▸ Records provided:
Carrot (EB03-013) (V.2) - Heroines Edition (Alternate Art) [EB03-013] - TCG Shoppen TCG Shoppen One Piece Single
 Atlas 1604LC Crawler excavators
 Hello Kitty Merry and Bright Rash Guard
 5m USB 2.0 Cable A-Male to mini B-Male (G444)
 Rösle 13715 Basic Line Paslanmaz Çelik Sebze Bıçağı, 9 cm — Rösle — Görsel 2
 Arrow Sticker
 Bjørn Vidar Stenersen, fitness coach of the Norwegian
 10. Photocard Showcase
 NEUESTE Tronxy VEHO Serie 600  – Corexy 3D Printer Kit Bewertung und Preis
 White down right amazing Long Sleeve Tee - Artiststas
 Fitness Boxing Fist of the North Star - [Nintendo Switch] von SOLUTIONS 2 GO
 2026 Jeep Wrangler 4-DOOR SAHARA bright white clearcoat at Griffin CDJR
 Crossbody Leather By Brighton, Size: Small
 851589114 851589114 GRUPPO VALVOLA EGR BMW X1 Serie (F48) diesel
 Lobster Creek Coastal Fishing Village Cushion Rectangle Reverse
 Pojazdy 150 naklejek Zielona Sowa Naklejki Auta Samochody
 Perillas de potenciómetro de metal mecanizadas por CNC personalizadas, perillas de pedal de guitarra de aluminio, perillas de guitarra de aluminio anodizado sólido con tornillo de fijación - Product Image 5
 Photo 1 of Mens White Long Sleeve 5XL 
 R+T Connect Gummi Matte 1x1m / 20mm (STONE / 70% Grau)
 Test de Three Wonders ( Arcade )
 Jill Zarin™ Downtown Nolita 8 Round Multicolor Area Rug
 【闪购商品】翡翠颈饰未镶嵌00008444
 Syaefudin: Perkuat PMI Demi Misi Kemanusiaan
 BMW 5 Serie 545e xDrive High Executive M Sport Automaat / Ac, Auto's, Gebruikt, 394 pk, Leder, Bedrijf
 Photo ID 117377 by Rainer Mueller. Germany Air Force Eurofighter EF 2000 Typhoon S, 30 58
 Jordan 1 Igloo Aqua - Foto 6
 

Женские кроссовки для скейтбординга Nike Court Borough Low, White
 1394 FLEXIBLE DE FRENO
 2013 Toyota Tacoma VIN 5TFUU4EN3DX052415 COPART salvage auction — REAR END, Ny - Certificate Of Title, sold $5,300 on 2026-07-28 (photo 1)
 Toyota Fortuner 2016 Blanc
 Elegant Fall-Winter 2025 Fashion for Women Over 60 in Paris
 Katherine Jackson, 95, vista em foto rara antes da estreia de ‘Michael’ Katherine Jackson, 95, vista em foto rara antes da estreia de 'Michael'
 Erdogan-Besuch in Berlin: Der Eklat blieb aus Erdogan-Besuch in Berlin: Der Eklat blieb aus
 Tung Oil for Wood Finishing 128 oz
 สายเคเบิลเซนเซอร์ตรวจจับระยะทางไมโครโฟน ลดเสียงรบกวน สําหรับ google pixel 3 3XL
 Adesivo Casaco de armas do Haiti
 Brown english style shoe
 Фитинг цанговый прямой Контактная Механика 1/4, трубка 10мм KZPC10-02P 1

▸ Task goal: The output should be exactly the lines above from the line containing "Perillas de potenciómetro" to the line containing "Photo 1 of Mens White Long Sleeve 5XL", inclusive, with no other lines.

▸ Exercise response:
 Perillas de potenciómetro de metal mecanizadas por CNC personalizadas, perillas de pedal de guitarra de aluminio, perillas de guitarra de aluminio anodizado sólido con tornillo de fijación - Product Image 5
 Photo 1 of Mens White Long Sleeve 5XL 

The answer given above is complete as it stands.